Viele Parkmöglichkeiten gibt es auf dem Weg nicht, zumindest nicht für ein Auto unserer Größenordnung, aber wir schaffen es doch einen Platz zu finden der so weit in Wandnähe ist wie es die erstaunlich vielen Privatgrundstücke zulassen.

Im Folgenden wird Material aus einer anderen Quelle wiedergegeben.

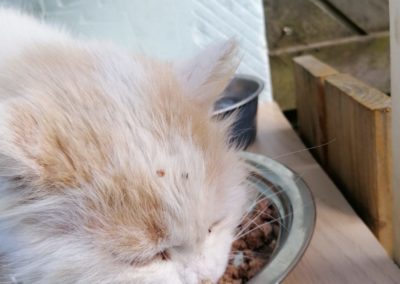 Katze, Kirchbichl (5/21)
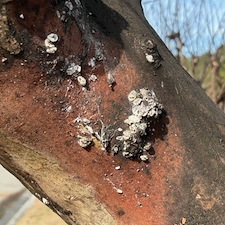 Controlling-Crape-Myrtle-Bark-Scale-in-North-Myrtle-Beach 0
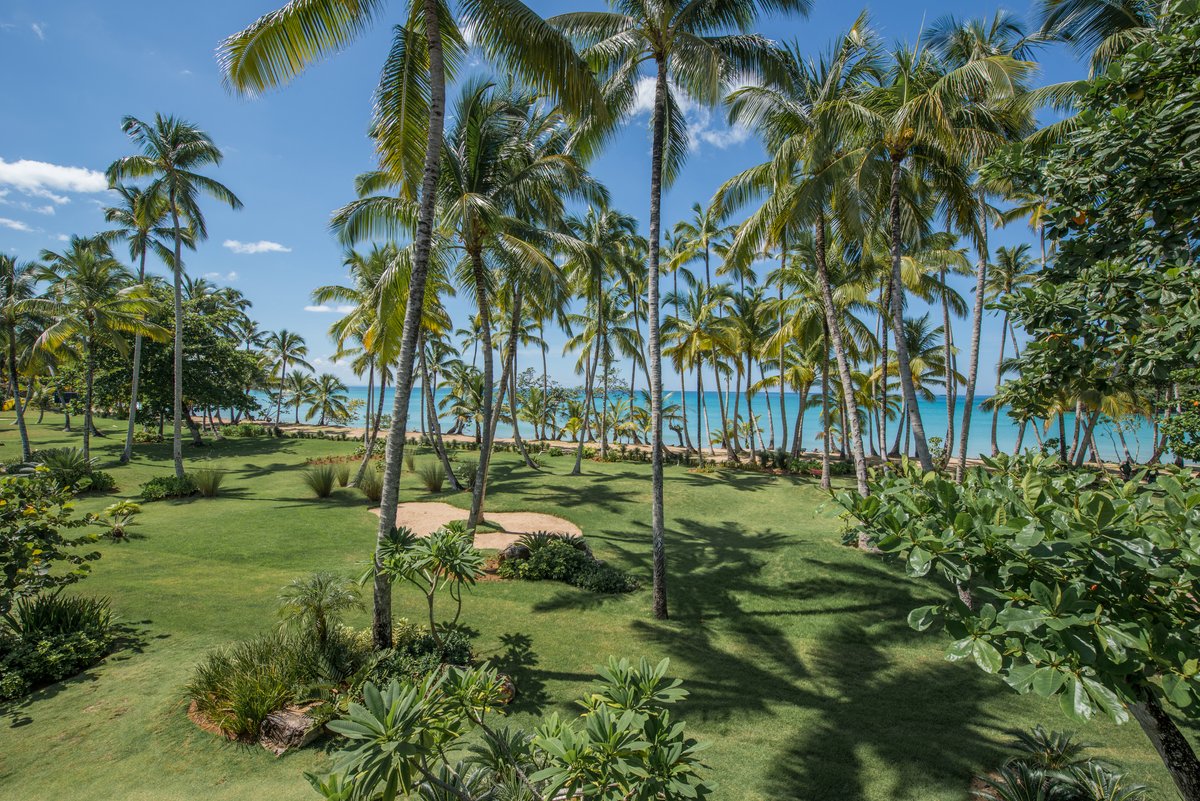Beachfront View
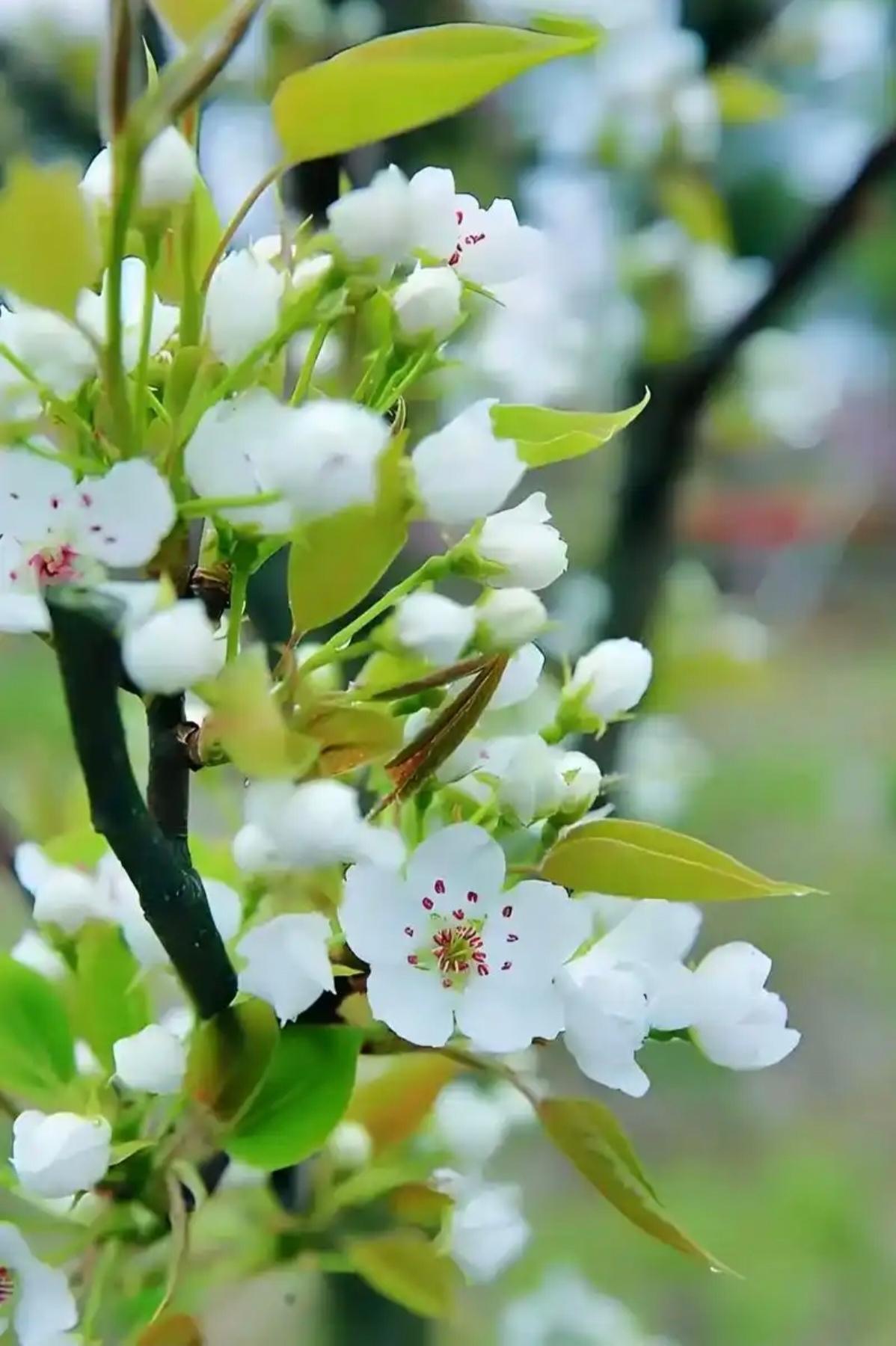 拜读佳作，享春光之美，见梨花之妖。排身心之浊，得清新之气。心以向往矣，心旷神怡矣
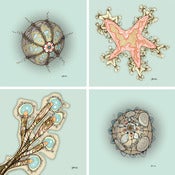 Image of Beachy Beachy Beach… series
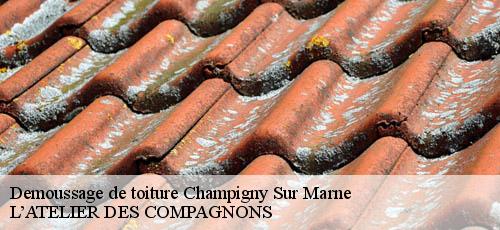 Demoussage de toiture  champigny-sur-marne-94500 L’ATELIER DES COMPAGNONS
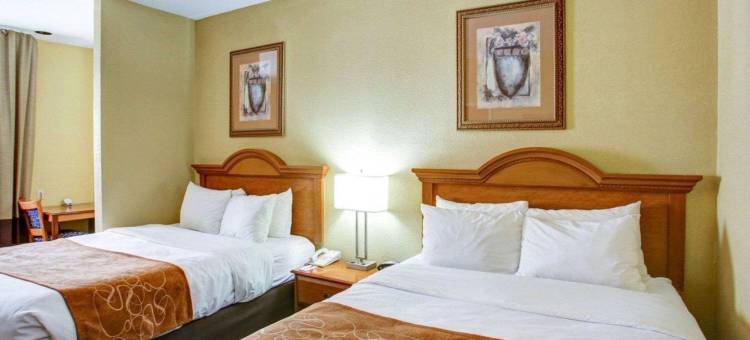 布伦纳姆舒适全套房酒店(Comfort Suites)图片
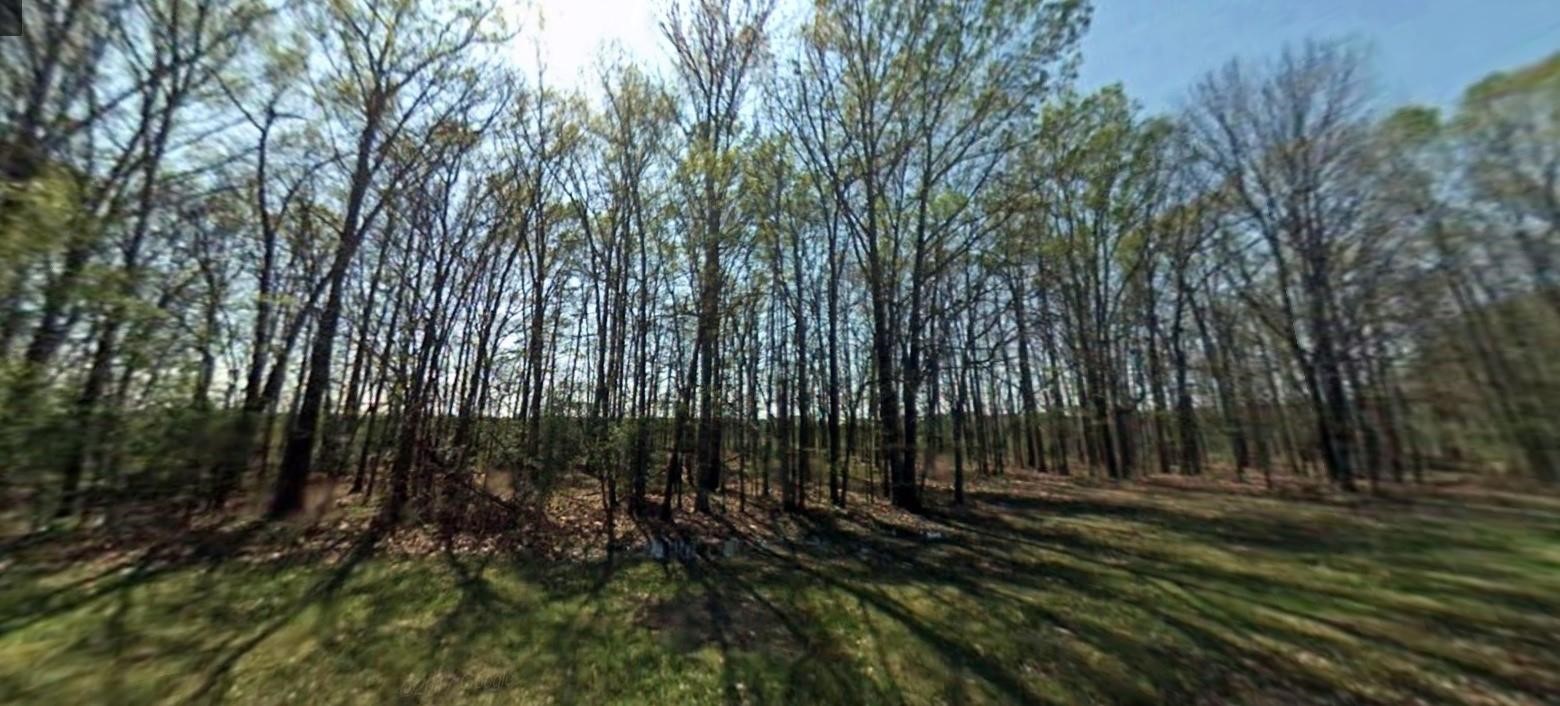 302 Terrell Road Property Photo 5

Wir folgen der Zustiegsbeschreibung, die gut gemeint und komplett nutzlos ist. Bis zur Abzweigung (Privatweg versus Sentiero) geht’s ja noch, dann folgen wir dem Weg nach oben, der dann kurz darauf einfach verschwindet. Man kennt das, wenn Sekunden vorher noch ein gut sichtbarer Weg vorhanden war sucht man verzweifelt nach Indizien für die Fortführung des Weges. Die Indizien die wir finden führen uns nur noch weiter ins Dickicht. Der Zustieg ist ja nicht lang, die Wand nicht weit weg, der Wald aber so dicht dass wir einigermaßen orientierungslos herumirren. Wir sind zu weit oben und rutschen den steilen Hang nach unten, finden dann später auch, mehr zufällig, die orangen Markierungen die es laut Beschreibung hier en masse geben soll. Die Markierungen (es sind drei oder vier), hören gleich unvermittelt auf wie der Weg. Es erinnert mich ein bisschen an Blair Witch Project, nur ohne Vodoo – Puppen.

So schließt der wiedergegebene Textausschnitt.